Think about every other computer in your life: the input mechanism is independent of whatever you’re looking at. On a laptop, you can click on controls and use the keyboard while keeping your focus on a document. On a phone, you can do things like drag sliders in a photo editing app while keeping your eyes focused on what those changes are actually doing to your photo.
The Vision Pro simply doesn’t work like that — you have to be looking at something in order to click on it, and that means you are constantly taking your attention away from whatever you’re working on to specifically look at the button you need to press next. I spent some time playing a lovely little game called Stitch that quickly became maddening because I kept looking away from the piece I wanted to move to the place I wanted to move it, which meant I wasn’t picking it up when I tapped my fingers.
VisionOS
The Vision Pro runs visionOS, which Apple says is based on iPadOS, with a lot of customization around latency and vision to make it work for spatial computing. Starting with the iPad as a foundation represents an incredible head start for Apple — it’s taken years for Meta to build out all the features of the Android-based Quest OS and populate its app store, and it’s still mostly games. Apple gets to start with the full set of mature iPadOS features and most of the huge iPad app library.
It’s funny to keep saying that the Vision Pro is an iPad for your face, but when it comes to the current set of apps, it’s also not totally wrong. Most of them work like iPad apps, and the homescreen comes preloaded with a folder labeled “compatible apps” that’s full of actual iPad apps. It’s hard to judge the app ecosystem for a product that has barely launched, but I feel totally comfortable judging the iPad app ecosystem at this point, and Apple shipping its own podcast and news apps as iPad apps on the Vision Pro feels like a sign in a lot of ways.
There’s already controversy in the world of Vision Pro apps: some huge developers like Netflix, Spotify, and YouTube have decided to wait before allowing their apps to run on the Vision Pro and aren’t even allowing their iPad apps to run.

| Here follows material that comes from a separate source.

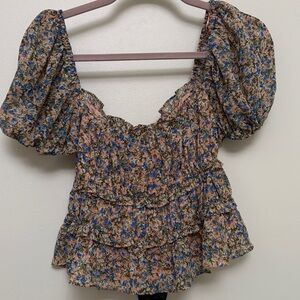 ASTR the Label Floral Puff Sleeve Blouse with Ruffles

As always, the open web serves as the pressure release valve for Apple developer politics, and Safari on the Vision Pro is a capable riff on iPad Safari: I watched Netflix in Safari and it worked without a hitch, although you can’t put the video in a nice environment like you can with the native apps. I also watched the NFL playoffs on YouTube TV in Safari on the Vision Pro, and it worked with a few minor hiccups, although it did keep asking me to confirm my location over and over again.
The stranger thing is that Safari on the Vision Pro is pretty disconnected from web-based 3D experiences. Apple has made noise about supporting the WebXR standard, and there are flags in Safari’s advanced preferences to turn on support, but it’s pretty hit-or-miss in terms of actually working right now — it mostly does not.
I asked about this, and Apple told me that it is actively contributing to WebXR and wants to “work with the community to help deliver great spatial computing experiences via the web.” So let’s give that one a minute and see how it goes.
On the other hand, I asked Apple why the huge library of VR video on YouTube doesn’t work at all on the Vision Pro, and the company basically told me it wasn’t good enough to support, saying that “much of this content was created for devices that do not deliver a high-quality spatial experience” and that the company’s efforts were instead focused on “delivering the best spatial media experience possible including spatial photos and videos, Apple Immersive Video, and 3D movies available on Apple TV.”